MINIMAL INVASIVE NEUROSURGERY (MIN)
Minimal invasive Neurosurgery (MIN) is an integral patient tailored treatment strategy. It does not simply mean to use smaller craniotomies or skin incisions. It includes beside the utilization of keyhole craniotomies also a meticulous and individual planning of the particular surgery as well as application of the latest technology.

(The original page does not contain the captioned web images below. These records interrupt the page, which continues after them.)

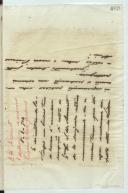 Cópia de carta de Manuel Teixeira Gomes para S. H. Azancot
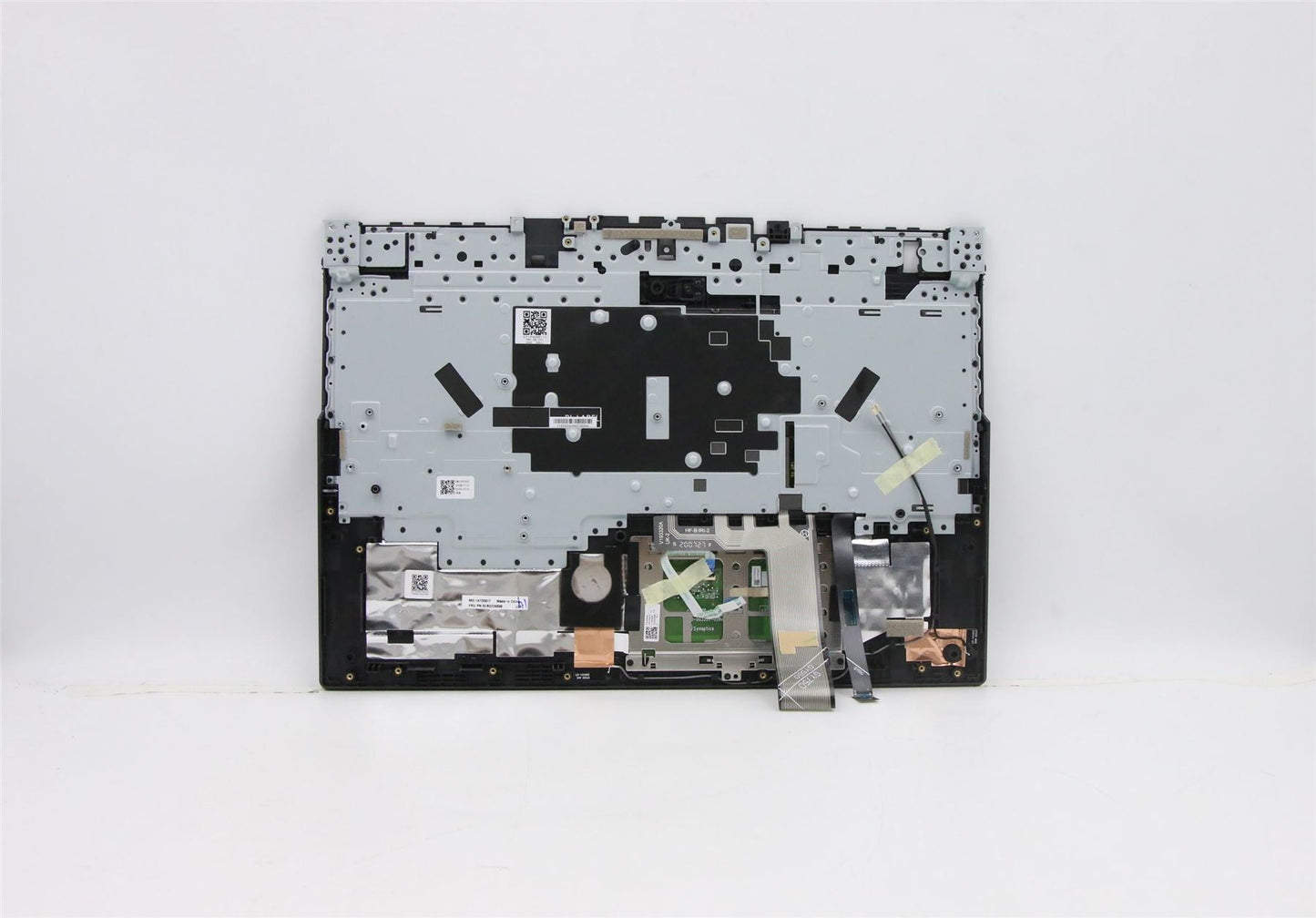 Lenovo 5 15IMH05H 5 15ARH05H Palmrest Cover Touchpad Keyboard Black 5CB0Z26896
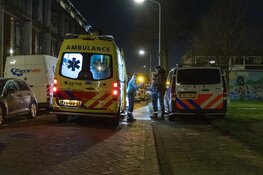 Gewonde bij steekpartij aan Nielenplantsoen in Beverwijk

MIN approaches are not called keyhole approaches because of the shape or absolute size of the craniotomy. They rather are call that way because of the fact, that one may well oversee all objects distant to a keyhole, even if they are much bigger than the hole itself. In contrast, even small objects very close or direct in front of a keyhole cannot be sufficiently visualized. This implies, that large but deep seated lesions such as skull base tumors or intraventricular pathologies may be perfectly visualized and treated whereas same sized lesions on the surface require openings equaling the size of the lesion itself.

ENDOSCOPIC NEUROSURGERY
The term endoscopic Neurosurgery is used basically for all procedures that are performed with the help of endoscopes. Endoscopic procedures may be performed purely endoscopic, for example for the treatment of occlusive hydrocephalus and cystic lesions or in combination with the operating microscope for example for the treatment of large tumors of the skull base or vascular lesions. The latter technique is named endoscope-assisted microsurgery (EAM). If endoscopes are used as the only optical tool but manipulations performed along the scope, it is referred to as endoscope-controlled microsurgery (ECM). This technique is recently more and more applied for transnasal skull base surgery.